But a mac is not for gaming thats the thing.


----------



## celsdogg (Aug 25, 2005)

yeah, like i said, they should be regarded the same as linux on the topic of gaming.


----------



## MadModder (Aug 25, 2005)

A Mac is a wonderful system to work with, especially if you work with video editing software.  Final Cut is one of the best pieces of editing software.  If you really don't want to buy a Mac computer, you don't have to!  I have a partition of OSX on my PC.  It was in issue 27 of PC Extreme magazine.  You use some sort of emulation software called PearPC as well as the OSX disc to create the Mac partition.  If I can find the magazine, i'll post the instructions in another thread!


----------



## flame1117 (Aug 25, 2005)

MadModder said:
			
		

> A Mac is a wonderful system to work with, especially if you work with video editing software.  Final Cut is one of the best pieces of editing software.  If you really don't want to buy a Mac computer, you don't have to!  I have a partition of OSX on my PC.  It was in issue 27 of PC Extreme magazine.  You use some sort of emulation software called PearPC as well as the OSX disc to create the Mac partition.  If I can find the magazine, i'll post the instructions in another thread!

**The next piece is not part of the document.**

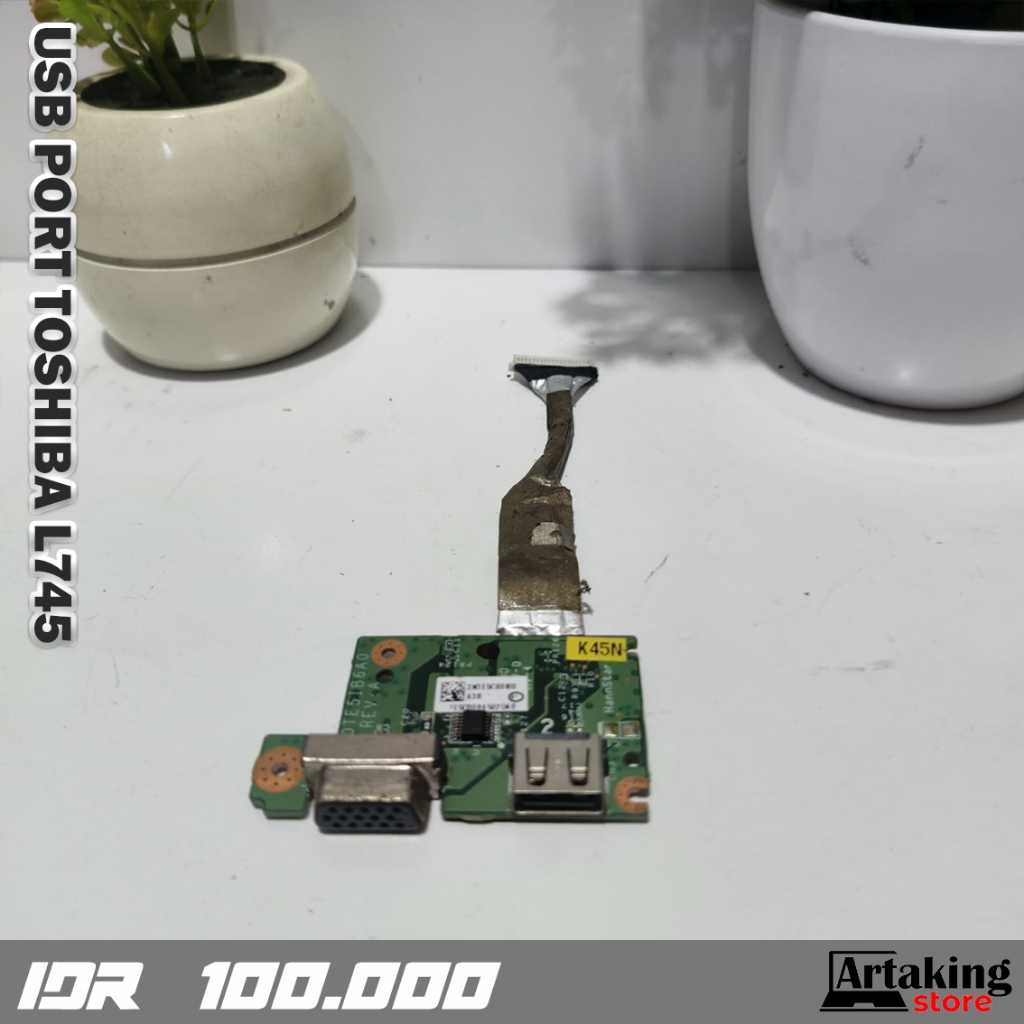 USB Port Laptop Toshiba L745 Bekas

PLease tell me you dont use Imovie for video editing....That is the most horrid program I ever used.

Even my Video Production teacher who majored in that stuff protested it, and thats what the school gave us so he worked out a deal with another company to get us a better program, that was after tri-2 becuase he at elast gave it a chance...


and Mac's are NOT a gaming computer.


----------



## Geoff (Aug 25, 2005)

yes, macs suck at playing games, not to mention the limited amount of titles for it.

And i ask this again, what can a mac do taht a pc cant?


----------



## MadModder (Aug 25, 2005)

No not iMovie, iMovie is horrible.  Final Cut is what I use, I like it and I like to use OSX so it's a great combination.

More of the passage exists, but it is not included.